Retrieval#

Retrieval is the idea that models can be augmented with an external factual database that they can retrieve information from, allowing them to access more relevant and up-to-date information without having to train.

In this example, we demonstrate how kani’s function calling can be used to retrieve information from a data source like Wikipedia.

# let's define a client using kani's BaseClient:
class WikipediaClient(BaseClient):
    SERVICE_BASE = "https://en.wikipedia.org/w/api.php"

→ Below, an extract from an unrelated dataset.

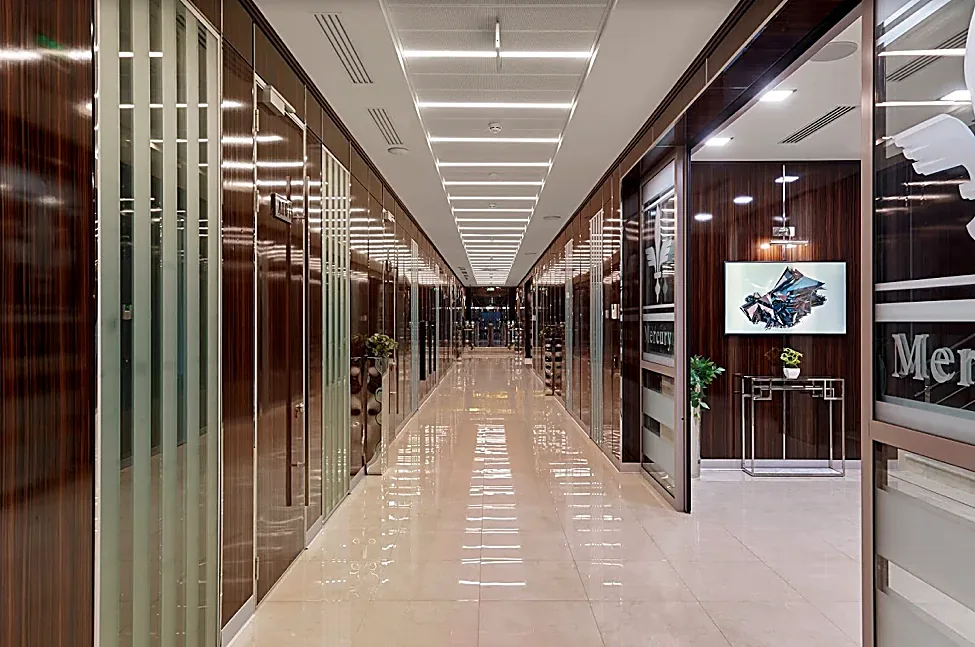An office-floor corridor with tenant frontages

class WikipediaRetrievalKani(Kani):
    def __init__(self, *args, **kwargs):
        super().__init__(*args, **kwargs)
        self.wikipedia_client = WikipediaClient()

    @ai_function()
    async def wikipedia(
        self,
        title: Annotated[
            str,
            AIParam(desc='The article title on Wikipedia, e.g. "Train_station".')
        ],
    ):
        """Get additional information about a topic from Wikipedia."""
        resp = await self.wikipedia_client.get(
            "/",
            params={
                "action": "query",
                "format": "json",
                "prop": "extracts",
                "titles": title,
                "explaintext": 1,
                "formatversion": 2,
            },
        )
        page = resp["query"]["pages"][0]
        if extract := page.get("extract"):
            return extract
        return f"The page {title!r} does not exist on Wikipedia."

    @ai_function()
    async def search(self, query: str):
        """Find titles of Wikipedia articles similar to the given query."""
        resp = await self.wikipedia_client.get(
            "/",
            params={"action": "opensearch", "format": "json", "search": query}
        )
        return json.dumps(resp[1])
>>> chat_in_terminal(WikipediaRetrievalKani(engine))
USER: Tell me about the Yamanote line in Tokyo.
AI: Thinking (search)...
AI: Thinking (wikipedia)...
AI: The Yamanote Line is a loop service in Tokyo, Japan...

Caution

Wikipedia articles might be longer than can fit in the model’s context window. Try combining this with the sub-kani summarization example above to build a powerful retrieval agent!

You may also use @ai_function(auto_truncate=...) if truncating the response is acceptable.